Tunisie. La journaliste Khouloud Mabrouk maintenue en liberté après 9 heures d’interrogatoire

 Tunisie. La journaliste Khouloud Mabrouk maintenue en liberté après 9 heures d’interrogatoire

La journaliste et animatrice de l’émission « 90 minutes » diffusée sur la radio privée IFM, Khouloud Mabrouk, a quitté la caserne de l’Aouina, tard dans la nuit de mercredi à jeudi 25 avril 2024, à l’issue de près de neuf heures d’interrogatoire. 

Soulagement à la sortie de la jeune femme, accueillie par sa famille et ses proches. Pour ses avocats, il s’agissait clairement à travers ces longues heures de « torture mentale » d’une tentative supplémentaire d’intimidation pour le reste des médias tentés d’exercer librement leur travail. Khouloud Mabrouk fut convoquée le même jour en vue d’une comparution immédiate devant la brigade spéciale de la Garde nationale de l’Aouina. Le représentant légal de la radio, Hamed Soyah, a aussi été convoqué.

 

Une procédure illégitime et disproportionnée

Qu’est-ce qui a bien pu valoir à la journaliste un tel acharnement des autorités judiciaires ? La veille, elle avait consacré mardi une partie de l’émission phare de la radio à un entretien vidéo exclusif avec l’ancien ministre des Domaines de l’Etat et des Affaires foncières Mabrouk Kourchid, en fuite depuis peu à l’étranger, dans un lieu encore inconnu.

Or, un journaliste n’a ni à révéler ses sources, ni n’est complice de ses interviewés, ni n’est un « indic’ » qui doit se substituer aux policiers et à leur travail. « Même Oussama Ben Laden avait pu être interviewé sans causer pareil remue-ménage ! », ironisent-on aujourd’hui au sujet de la criminalisation de notre métier.

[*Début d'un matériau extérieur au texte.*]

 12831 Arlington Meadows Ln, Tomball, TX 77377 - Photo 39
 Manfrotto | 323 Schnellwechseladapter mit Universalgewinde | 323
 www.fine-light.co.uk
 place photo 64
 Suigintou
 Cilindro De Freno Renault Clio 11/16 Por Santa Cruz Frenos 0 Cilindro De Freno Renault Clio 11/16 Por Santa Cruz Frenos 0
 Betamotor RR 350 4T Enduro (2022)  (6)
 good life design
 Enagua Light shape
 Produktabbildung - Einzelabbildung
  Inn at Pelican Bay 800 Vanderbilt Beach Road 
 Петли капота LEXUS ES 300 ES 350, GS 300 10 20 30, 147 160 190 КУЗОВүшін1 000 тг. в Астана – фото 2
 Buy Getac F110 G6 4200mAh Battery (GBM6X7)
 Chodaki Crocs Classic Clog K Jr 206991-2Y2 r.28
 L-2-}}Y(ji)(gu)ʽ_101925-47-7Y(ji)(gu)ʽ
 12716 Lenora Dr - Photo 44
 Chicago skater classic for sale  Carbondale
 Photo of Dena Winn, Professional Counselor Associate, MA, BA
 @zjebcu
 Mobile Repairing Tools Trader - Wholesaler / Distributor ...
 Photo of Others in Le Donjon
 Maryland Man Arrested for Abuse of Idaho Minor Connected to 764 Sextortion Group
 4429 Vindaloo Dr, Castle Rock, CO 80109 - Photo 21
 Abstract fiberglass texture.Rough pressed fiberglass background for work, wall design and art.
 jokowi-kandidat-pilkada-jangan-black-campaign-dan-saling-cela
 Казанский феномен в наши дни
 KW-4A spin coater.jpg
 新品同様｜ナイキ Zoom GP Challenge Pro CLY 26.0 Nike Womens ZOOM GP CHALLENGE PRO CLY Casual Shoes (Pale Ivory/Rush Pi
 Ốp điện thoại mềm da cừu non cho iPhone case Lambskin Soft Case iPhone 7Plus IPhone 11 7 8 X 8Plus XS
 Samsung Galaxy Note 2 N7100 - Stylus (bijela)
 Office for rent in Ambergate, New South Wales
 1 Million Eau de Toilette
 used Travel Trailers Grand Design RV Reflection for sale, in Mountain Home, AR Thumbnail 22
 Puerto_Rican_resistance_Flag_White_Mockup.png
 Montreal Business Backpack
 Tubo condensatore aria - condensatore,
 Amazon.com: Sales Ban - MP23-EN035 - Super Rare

L’ex ministre qui a également récemment cofondé le parti politique « la bannière nationale » avait dès lundi annoncé sur les réseaux sociaux que le parquet a ouvert une instruction contre sa famille, en l’occurrence son épouse et son fils convoqués pour être auditionnés, accusés d’avoir dissimulé le lieu où il se trouve. Lui-même avocat, Mabrouk Korchid dénonce ainsi une violation des lois tunisiennes et des procédures en vigueur :

« Les juristes savent pertinemment que la famille ne peut être poursuivie. Il s’agit d’une dangereuse jurisprudence qu’aucun régime n’avait commise auparavant », a-t-il dénoncé à propos de ce précédent. Korchid a confirmé par ailleurs qu’il avait bien quitté le pays : « quand il a désespéré d’obtenir justice équitable comme tant d’autres personnes et que l’incarcération est devenue la règle ». Il a assuré qu’il retournera en Tunisie lorsque l’injustice aura pris fin et que justice pourra être obtenue.

« Arrêtez de harceler ma famille et ne l’impliquez pas dans le conflit politique. Rendez à mes fils leurs ordinateurs où se trouvent leurs données scolaires. Rendez à ma femme les dix mille dinars qui ont été saisis chez nous et qui étaient alloués à leurs frais d’étude et de subsistance. Rendez leurs téléphones portables », a-t-il plaidé en direct avant-hier à l’antenne de l’émission.  

>> Lire aussi : Tunisie. L’homme d’affaires Marouane Mabrouk placé en garde à vue

 

Victime collatérale de l’affaire Marouane Mabrouk ?

Fin mars, l’ancien ministre avait confirmé l’existence d’un mandat de recherche émis à son encontre par le juge d’instruction auprès du pôle judiciaire économique et financier. Cependant Korchid avait indiqué qu’il a été notifié de cette décision via les réseaux sociaux, affirmant qu’il se présentera devant le juge d’instruction muni de différentes preuves pour se défendre.

Le magistrat avait émis ce mandat sur fond d’implication présumée dans une affaire relative aux irrégularités juridiques et aux soupçons de corruption dans le processus de levée du gel des biens de l’homme d’affaires Marouane Mabrouk ainsi que de la suppression de son nom de la liste des personnes faisant l’objet de mesures préventives.

L’animatrice Khouloud Mabrouk (sans lien de parenté avec l’homme d’affaires) sera à nouveau auditionnée ce soir, cette fois au sujet de l’affaire de complot présumé contre la sûreté de l’Etat dont elle a traité avec d’autres invités sur le même plateau.